Weigel

How to Make History Fib for You

CELEBRATION, Fla. – If you stop Superman around 20 minutes before the ending, Lois Lane dies. (By the way: Spoiler.) If you end a biography of Newt Gingrich in 1997, he’s been found guilty of ethics violations after a two-year House investigation. And so the new Mitt Romney ad is a clip from a January 1997 NBC News broadcast, Tom Brokaw grimly announcing the shaming of Newt.

We might focus on why Brokaw is the face of the ad, and not whoever the nascent Fox News had at the time (I really have no idea. Pat Boone?), but how about we focus on the timing? Grab a clip from two years later, after Gingrich had left the House, and you learn that he was exonerated.

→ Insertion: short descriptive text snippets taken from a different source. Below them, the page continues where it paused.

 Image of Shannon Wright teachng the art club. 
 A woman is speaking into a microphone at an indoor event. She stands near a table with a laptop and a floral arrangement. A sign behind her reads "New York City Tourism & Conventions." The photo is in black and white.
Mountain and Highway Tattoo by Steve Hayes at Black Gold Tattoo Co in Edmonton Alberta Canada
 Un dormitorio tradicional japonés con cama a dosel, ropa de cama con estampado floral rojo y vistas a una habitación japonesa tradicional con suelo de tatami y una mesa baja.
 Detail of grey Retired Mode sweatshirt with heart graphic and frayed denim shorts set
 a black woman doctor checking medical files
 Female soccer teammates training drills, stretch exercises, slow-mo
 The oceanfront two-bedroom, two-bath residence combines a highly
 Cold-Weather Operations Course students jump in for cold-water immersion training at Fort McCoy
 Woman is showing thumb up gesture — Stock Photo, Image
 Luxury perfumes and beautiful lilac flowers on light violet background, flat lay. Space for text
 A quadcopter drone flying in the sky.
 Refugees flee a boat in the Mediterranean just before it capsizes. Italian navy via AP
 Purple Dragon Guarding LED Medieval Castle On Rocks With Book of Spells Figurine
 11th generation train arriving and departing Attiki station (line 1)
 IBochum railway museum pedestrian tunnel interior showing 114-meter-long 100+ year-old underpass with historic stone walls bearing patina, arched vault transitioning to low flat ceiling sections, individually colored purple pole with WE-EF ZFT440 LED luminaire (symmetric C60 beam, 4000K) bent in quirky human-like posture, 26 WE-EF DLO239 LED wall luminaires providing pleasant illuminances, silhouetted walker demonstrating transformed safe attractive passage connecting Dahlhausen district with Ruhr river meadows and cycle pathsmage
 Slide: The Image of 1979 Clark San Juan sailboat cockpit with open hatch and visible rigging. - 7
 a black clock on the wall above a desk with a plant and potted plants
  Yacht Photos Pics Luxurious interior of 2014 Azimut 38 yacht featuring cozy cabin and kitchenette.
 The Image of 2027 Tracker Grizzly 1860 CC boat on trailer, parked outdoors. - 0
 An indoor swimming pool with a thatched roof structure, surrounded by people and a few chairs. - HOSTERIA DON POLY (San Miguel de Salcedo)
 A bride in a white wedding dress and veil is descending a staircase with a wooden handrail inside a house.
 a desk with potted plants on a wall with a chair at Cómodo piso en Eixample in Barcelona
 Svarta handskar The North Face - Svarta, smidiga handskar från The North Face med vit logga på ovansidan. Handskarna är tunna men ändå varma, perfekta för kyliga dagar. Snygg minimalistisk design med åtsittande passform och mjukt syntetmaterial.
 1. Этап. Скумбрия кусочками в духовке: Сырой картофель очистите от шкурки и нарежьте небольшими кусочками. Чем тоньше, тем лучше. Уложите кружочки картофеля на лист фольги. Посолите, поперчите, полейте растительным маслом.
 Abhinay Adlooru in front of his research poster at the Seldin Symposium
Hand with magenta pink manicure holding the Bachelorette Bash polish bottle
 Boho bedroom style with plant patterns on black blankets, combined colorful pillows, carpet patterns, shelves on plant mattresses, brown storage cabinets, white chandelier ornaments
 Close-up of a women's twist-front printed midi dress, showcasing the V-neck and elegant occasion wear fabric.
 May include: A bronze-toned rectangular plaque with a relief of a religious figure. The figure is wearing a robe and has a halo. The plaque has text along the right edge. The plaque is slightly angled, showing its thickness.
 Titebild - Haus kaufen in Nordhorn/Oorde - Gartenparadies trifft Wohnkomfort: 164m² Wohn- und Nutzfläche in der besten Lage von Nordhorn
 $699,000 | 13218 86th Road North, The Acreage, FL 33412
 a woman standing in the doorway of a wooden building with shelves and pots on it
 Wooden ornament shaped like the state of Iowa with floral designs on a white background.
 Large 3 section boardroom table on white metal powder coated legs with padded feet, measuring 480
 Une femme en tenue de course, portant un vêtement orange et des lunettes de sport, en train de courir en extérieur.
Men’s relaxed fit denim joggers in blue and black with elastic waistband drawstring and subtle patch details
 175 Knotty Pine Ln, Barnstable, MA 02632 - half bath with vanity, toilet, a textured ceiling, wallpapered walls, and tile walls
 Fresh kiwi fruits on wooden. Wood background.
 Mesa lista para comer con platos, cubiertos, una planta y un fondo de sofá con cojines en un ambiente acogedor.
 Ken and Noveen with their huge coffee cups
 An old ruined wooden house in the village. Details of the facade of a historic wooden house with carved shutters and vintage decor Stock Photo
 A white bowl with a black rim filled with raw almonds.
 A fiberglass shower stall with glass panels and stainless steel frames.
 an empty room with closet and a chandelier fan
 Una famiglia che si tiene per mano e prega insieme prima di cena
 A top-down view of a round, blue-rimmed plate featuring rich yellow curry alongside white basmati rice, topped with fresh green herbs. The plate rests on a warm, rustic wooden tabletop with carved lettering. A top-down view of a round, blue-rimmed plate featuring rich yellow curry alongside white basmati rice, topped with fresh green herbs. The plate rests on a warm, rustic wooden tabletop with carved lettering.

The Romney campaign has maintained a useful but pointless fiction: Gingrich resigned in disgrace after his ethics were questioned. But that wasn’t why he resigned. In 1998, he took a bullet for the GOP conference when then they lost seats, after he’d sworn up and down that a campaign against Bill Clinton’s sex scandal would leave Democrats’ bodies lying on blood-clogged gutters. (“At every level that matters,” he told Dan Balz, “we will sweep.”) The losses built up confidence among Republicans who already wanted Gingrich gone, and had tried to oust him in 1997. According to Rep. Dan Burton, still a Gingrich ally, the speaker had 198 committed votes for re-election when he needed 218. So he quit. The ethics story didn’t bother them as much as Gingrich’s compromises with Clinton or perceived insults of conservatives did.